Thursday, April 21, 2011

As Harper and Layton Bask in the Glow of Their Egos, They Might Want to Read This


Over on Twitter Harper supporters are all encouraging Jack Layton to go for it. Attack those Liberal ridings. And Jack is buying into it. The Conbots love him. He's a star. He's doing their work for them and they're giggling in the corner.

What an idiot.

Spurred on by a survey suggesting he could win 40-50 seats (with no seat projections of course and by a firm I never heard of) Layton thinks he can be the Jane to Harper's Tarzan. Leader of the Opposition.

He might want to read this: Up, down, no change? Conflicting election polls confusing, headache-inducing
A new poll suggests the NDP is on a roll, surging to a second-place tie with the once mighty Liberal party. No, wait.

A new poll suggests the NDP is running slightly behind its fourth-place finish in the last election. Or maybe it's slightly ahead. Or maybe nothing's changed. Voters trying to make sense of the raft of contradictory daily public opinion polls during this federal election campaign are likely to wind up with a migraine.

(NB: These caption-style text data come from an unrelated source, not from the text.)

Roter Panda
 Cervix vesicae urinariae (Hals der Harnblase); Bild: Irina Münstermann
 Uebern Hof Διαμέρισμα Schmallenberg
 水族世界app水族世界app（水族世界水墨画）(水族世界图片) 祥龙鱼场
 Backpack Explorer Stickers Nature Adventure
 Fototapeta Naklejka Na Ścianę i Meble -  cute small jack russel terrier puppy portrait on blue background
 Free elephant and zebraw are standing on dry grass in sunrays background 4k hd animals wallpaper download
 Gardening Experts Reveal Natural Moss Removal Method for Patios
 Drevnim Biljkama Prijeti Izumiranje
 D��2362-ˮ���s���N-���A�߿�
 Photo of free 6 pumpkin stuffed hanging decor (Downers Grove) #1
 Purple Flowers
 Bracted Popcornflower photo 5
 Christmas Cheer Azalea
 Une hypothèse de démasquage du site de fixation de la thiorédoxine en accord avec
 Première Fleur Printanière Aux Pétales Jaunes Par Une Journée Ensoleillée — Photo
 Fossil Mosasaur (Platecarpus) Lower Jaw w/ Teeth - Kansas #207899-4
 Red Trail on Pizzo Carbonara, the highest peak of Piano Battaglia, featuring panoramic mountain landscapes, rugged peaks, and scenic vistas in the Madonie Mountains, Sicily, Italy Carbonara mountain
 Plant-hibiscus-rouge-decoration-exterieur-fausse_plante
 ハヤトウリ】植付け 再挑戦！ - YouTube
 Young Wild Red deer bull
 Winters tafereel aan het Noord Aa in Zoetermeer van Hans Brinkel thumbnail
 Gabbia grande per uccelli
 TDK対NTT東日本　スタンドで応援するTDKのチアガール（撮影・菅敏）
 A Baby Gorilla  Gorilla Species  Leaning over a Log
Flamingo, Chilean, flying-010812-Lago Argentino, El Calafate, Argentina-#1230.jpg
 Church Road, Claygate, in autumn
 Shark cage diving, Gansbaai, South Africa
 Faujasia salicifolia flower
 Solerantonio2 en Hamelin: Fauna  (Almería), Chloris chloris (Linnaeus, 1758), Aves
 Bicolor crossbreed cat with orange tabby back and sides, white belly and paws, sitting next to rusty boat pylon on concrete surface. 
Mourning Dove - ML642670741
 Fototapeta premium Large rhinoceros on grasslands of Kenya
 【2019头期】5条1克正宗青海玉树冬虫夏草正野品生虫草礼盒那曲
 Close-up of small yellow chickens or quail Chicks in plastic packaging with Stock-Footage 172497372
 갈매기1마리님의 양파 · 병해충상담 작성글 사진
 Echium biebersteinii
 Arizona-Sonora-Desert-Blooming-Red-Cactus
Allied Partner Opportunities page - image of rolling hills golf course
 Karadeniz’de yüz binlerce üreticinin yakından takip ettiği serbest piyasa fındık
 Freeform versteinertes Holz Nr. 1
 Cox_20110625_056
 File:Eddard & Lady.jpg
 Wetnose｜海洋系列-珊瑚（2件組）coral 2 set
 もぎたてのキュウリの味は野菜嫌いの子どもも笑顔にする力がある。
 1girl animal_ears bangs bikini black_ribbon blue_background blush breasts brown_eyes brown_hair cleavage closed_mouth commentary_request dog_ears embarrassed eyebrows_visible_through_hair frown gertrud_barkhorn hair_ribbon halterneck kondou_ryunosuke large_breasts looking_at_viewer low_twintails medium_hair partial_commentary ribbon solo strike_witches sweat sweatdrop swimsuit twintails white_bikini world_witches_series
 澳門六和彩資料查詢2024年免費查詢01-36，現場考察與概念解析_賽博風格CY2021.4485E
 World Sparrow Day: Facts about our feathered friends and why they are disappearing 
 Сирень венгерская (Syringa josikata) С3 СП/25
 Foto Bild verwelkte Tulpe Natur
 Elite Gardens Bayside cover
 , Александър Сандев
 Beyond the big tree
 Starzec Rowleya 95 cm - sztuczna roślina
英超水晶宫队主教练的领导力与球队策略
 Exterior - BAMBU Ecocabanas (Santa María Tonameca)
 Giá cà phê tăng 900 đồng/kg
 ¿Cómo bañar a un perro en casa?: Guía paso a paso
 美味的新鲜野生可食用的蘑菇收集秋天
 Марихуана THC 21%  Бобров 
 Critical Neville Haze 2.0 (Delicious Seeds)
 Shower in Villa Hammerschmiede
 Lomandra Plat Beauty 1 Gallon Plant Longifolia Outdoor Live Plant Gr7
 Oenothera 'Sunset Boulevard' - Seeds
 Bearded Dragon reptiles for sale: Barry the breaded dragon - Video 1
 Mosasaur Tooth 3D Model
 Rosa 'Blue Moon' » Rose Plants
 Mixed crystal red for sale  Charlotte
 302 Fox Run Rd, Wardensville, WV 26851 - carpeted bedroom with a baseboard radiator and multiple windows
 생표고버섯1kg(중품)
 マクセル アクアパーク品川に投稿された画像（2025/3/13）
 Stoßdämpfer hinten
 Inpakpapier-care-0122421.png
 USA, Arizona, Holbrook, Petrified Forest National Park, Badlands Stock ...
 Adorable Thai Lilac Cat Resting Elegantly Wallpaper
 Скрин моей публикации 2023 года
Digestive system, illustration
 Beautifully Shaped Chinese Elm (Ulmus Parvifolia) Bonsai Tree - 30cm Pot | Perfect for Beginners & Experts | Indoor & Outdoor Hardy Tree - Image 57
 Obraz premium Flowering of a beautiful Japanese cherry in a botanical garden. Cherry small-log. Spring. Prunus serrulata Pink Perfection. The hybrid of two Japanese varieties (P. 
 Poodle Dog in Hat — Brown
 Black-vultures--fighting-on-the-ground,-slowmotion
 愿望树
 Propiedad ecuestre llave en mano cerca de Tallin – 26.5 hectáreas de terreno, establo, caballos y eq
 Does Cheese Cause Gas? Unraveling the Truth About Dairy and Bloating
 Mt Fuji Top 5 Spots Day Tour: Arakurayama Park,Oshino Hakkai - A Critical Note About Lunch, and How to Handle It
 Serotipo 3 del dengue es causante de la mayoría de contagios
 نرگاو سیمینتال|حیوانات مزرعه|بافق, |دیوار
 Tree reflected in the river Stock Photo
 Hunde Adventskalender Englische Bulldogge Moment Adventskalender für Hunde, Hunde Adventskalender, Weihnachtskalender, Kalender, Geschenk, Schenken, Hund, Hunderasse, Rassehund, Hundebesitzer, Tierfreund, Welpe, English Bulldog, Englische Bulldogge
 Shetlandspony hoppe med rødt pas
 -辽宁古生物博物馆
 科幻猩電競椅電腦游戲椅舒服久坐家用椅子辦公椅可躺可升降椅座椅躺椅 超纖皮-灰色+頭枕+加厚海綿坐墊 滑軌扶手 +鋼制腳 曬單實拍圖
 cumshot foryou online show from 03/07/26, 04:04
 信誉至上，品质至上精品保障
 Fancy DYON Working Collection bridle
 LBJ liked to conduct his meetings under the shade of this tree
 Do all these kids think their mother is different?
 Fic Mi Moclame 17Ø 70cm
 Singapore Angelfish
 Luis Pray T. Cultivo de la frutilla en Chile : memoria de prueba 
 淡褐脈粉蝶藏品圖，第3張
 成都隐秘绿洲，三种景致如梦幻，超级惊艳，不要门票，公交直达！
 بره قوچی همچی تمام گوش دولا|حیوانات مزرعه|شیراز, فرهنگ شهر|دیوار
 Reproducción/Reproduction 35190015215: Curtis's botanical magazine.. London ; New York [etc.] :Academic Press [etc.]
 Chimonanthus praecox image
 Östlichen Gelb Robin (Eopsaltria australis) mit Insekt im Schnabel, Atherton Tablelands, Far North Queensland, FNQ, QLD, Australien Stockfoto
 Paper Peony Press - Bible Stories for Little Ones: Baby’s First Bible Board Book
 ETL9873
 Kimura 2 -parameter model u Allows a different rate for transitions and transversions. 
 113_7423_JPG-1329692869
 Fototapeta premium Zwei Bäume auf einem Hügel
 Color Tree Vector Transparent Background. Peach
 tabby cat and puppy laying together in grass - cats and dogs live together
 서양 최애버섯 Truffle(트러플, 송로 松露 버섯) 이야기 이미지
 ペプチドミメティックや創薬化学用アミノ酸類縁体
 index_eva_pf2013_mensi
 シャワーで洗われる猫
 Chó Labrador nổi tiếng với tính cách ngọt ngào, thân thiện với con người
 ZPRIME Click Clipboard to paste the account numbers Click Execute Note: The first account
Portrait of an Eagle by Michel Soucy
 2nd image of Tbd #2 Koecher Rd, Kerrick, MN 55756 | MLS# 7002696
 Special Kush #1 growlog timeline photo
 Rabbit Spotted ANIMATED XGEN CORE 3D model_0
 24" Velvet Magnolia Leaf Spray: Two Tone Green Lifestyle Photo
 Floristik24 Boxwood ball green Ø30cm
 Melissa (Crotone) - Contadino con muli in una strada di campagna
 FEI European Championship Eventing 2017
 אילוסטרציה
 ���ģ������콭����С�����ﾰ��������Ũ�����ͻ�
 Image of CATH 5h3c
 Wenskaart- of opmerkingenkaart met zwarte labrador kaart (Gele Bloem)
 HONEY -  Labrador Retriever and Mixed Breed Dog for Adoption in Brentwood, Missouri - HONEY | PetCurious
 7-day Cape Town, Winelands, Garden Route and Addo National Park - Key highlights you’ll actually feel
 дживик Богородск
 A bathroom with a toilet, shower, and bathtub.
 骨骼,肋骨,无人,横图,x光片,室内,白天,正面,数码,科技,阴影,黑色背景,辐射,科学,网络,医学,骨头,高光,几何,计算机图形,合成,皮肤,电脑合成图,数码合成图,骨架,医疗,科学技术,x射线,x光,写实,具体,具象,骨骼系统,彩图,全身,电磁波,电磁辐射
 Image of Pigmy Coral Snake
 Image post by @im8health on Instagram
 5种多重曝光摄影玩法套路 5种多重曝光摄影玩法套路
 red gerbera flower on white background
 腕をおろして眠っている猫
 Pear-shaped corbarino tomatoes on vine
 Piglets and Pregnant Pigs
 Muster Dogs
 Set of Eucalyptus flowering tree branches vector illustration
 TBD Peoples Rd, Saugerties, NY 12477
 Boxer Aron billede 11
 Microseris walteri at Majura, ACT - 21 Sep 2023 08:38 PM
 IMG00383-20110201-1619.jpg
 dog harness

So who among the plethora of pollsters should they believe? "Nobody," says veteran pollster Allan Gregg, an outspoken critic of his own industry and chairman of Harris-Decima, which conducts polls for The Canadian Press.

As far as Gregg is concerned, the election campaign has magnified problems with political polling: methodological issues that are skewing the results of both telephone and online surveys; commercial pressures that are prompting pollsters to over-hype their surveys; and an unholy alliance with journalists who routinely misconstrue data and ignore margins of error.
Well how about that? Layton is either in second or fourth place. His effort to be leader of the Opposition with Harper as King may not materialize after all. But the Conbots had a bit of sport anyway.

It's just frustrating that all of our efforts to get rid of this corrupt and anti-democratic government could go up in smoke because of ego. I want the NDP to do well but I don't want the left vote split to give Harper another mandate. It's that simple.